Dataset content:
*****

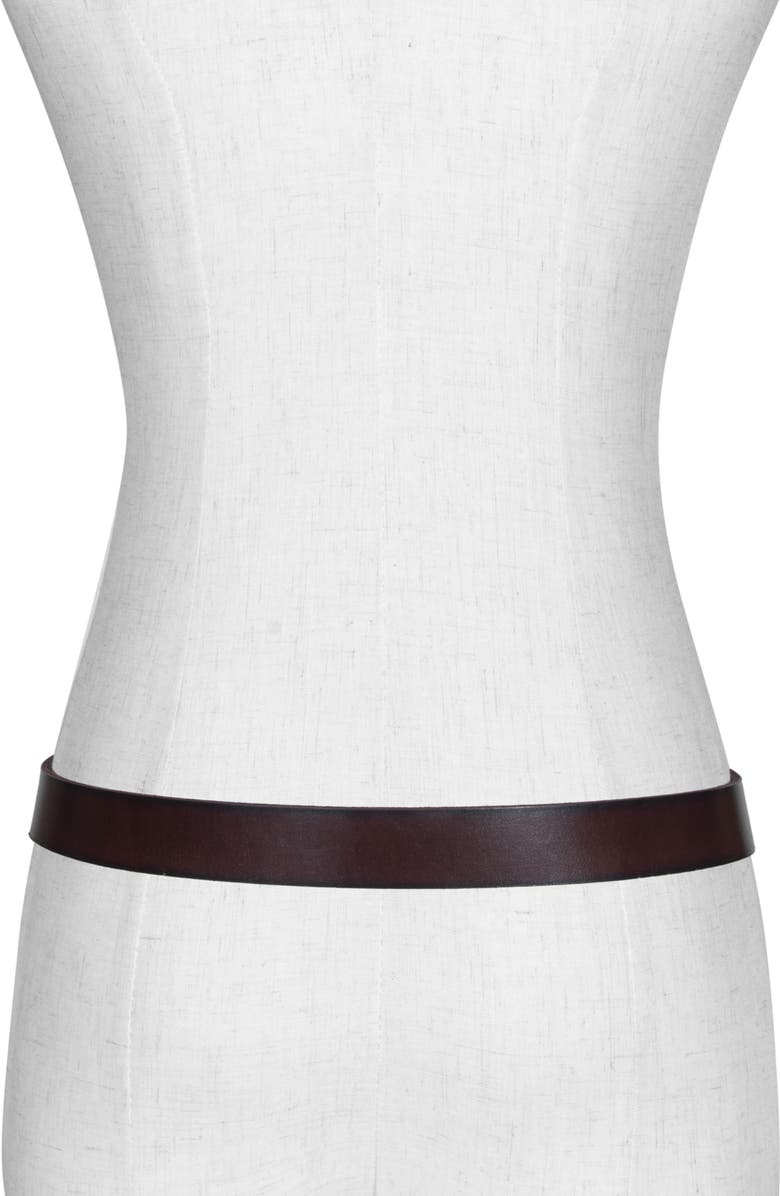 AllSaints Calfskin Leather Belt, Alternate, color, Brown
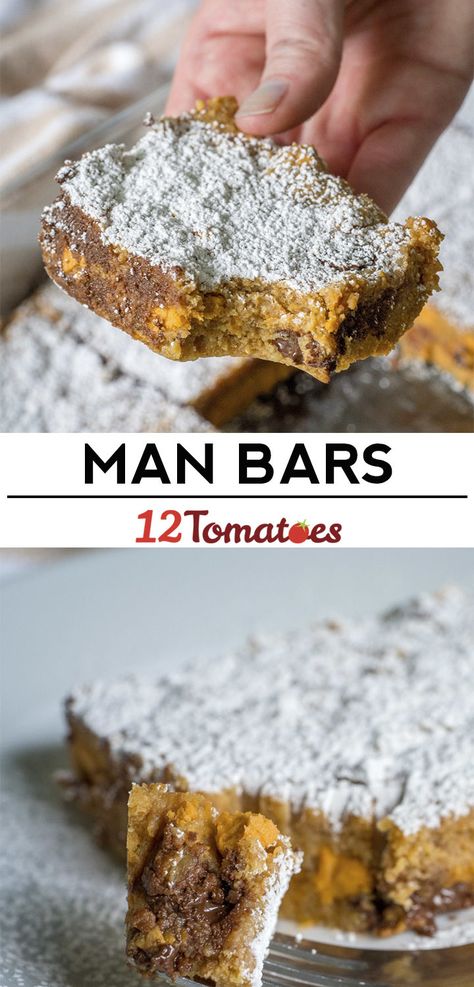 So-Easy-A-Man-Could-Make-’Em Man Bars Man Bars, Sweet Bar, 12 Tomatoes, Butterscotch Chips, Bar Cookies, Cake Bars, A Piece Of Cake, Brownie Bar, Piece Of Cake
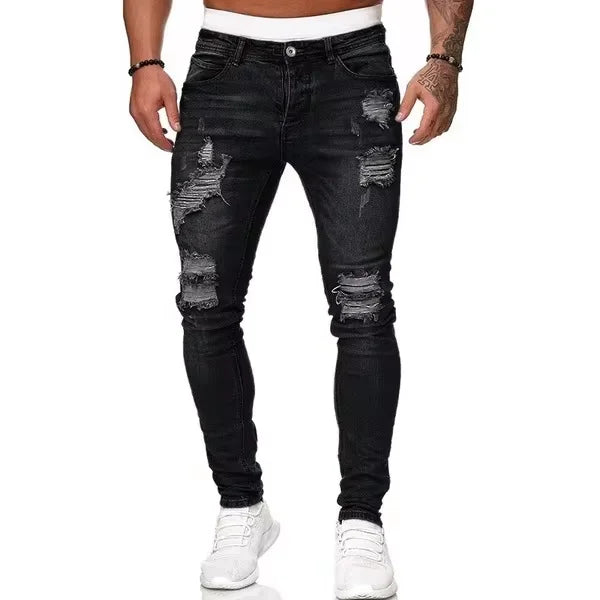 Mens Jeans Casual Skinny Pants Stretch Denim Trousers Male Slim Fit Straight Pants Fashion Jeans Soild Pencil Pants Man Clothing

*****

What is required:
What is needed is a verbatim copy of the material, minus its pictures.

Response box:
 AllSaints Calfskin Leather Belt, Alternate, color, Brown
 So-Easy-A-Man-Could-Make-’Em Man Bars Man Bars, Sweet Bar, 12 Tomatoes, Butterscotch Chips, Bar Cookies, Cake Bars, A Piece Of Cake, Brownie Bar, Piece Of Cake
 Mens Jeans Casual Skinny Pants Stretch Denim Trousers Male Slim Fit Straight Pants Fashion Jeans Soild Pencil Pants Man Clothing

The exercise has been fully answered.